Twenty shekels worth of bread offers something in the range of 500 calories. This is a starvation ration. The daily water ration is given as one sixth of a lim, which is roughly 1 liters or quart of water per day. Again, not enough to live on. Imagine the long hot months of the Judaean climate! 500 calories and 1 liter of water per day will not get a person magically paralyzed so that he can only lie on one side though one year of captivity. In fact, one would last days, at the most. In other words, this is not a literal text from which a jewel of a bread recipe can be found. The focus focus of this text is on humiliation. The choice of ingredients in Ezekiel’s prison bread offers insights into period cultural attitudes towards mixed grain pulse breads: they were not desirable.

The bread ingredient are themselves are humiliating in the context of the period culture links grain type and flour refinement to a social hierarchy. Not only does the passage require that Ezekiel eat a low status flour mix but, he is supposed to defiled in the baking by being baked on on dried human feces. Ezekiel remember, is bound so that he is lying one one side, and not able to move to the other side. Yes! Torture! Bed sores! Infection! Gangrene! Locked in a stress position he is not baking his own bread.

Prisoners bound in stress positions are not fed delicious breads. There is a multi-thousand year history of prison breads. They are universally exorable.

I have not been able to find any commentary explaining why this bread is so often interpreted as a sprouted grain bread. If you know of one that references sources please put in the comments. Yes, there absolutely sprouted grain flour during the Biblical period. The standard sprouted grain flour was sprouted wheat. After sprouting, the wheat, now transformed through enzymic action to have sweetness and a pleasant complex taste, is dried, and then ground into flour. Barley is part of the Ezekiel grain mix. Contemporary American artisan bakers often add sprouted barley flour to their bread. That is the “malt” listed in the ingredients. It makes no sense that bread meant to demean, that will be defiled during baking by being baked over human shit, would have anything done to it to make it taste good.

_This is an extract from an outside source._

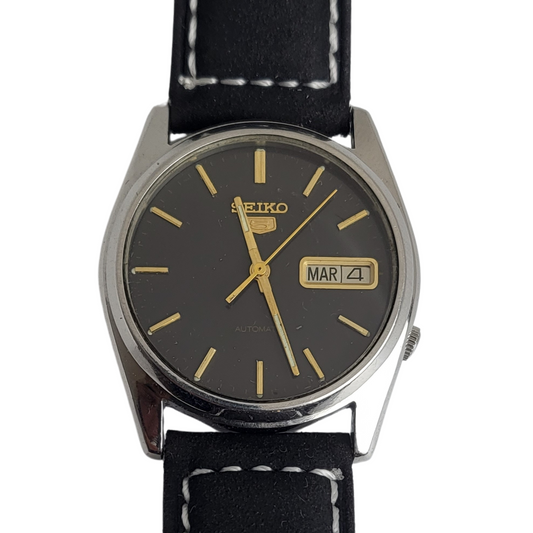 Men's Seiko 5 Automatic (Black Dial)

In the context of the Bible’s Ezekiel story, this second mixed grain bread contrasts with first bread he is fed, one that is sweet, like honey. That first bread could well have been made with sprouted grain, or it could have made by gelatinizing some of the flour, a process that also creates a sweet tasting bread. This bread, the mixed grain bread, is a bread that contrasts with the first bread he is fed. His situation has changed. The focus of the story has changed. We go from day, from hope, to a hellish night: 390 days of torment. The bread makes this change, too.

The bakers making this bread for the bound prisoner will not have been authorized to expend their craft skills to make it as palatable as possible. Instead, if any work was expended on this bread by the bakers, it will have been to highlight bitterness, unpleasant smells, and any other unpleasantness that could be developed in the dough to make it as awful as possible.

The pulses in the list of ingredients would have fermented quickly in the usually hot climate of the region, so I think we could imagine that after grinding the dough was mixed with water and left to sour, to over-sour so that it baked up into a dense, bran-filled, stinky cakes. That is more like what I imagine the poets who wrote this text had in mind — like the American prison nutriloaf — a bread meant to harm the soul even if it fed the body.

With very little vitamin C, and apparently no other foods served, this bread and water diet will have brought on scurvy, so that even if one managed on the 500 calories and the 1 liter of water per day, by the end, if not dead from scurvy, one would be suffering the horrible effects of vitamin C deficiency, bleeding gums, loose teeth, cognitive and behavioral issues, and much much much more awfulness, besides. That, I am pretty certain is what Ezekiel bread is all about. Awfulness.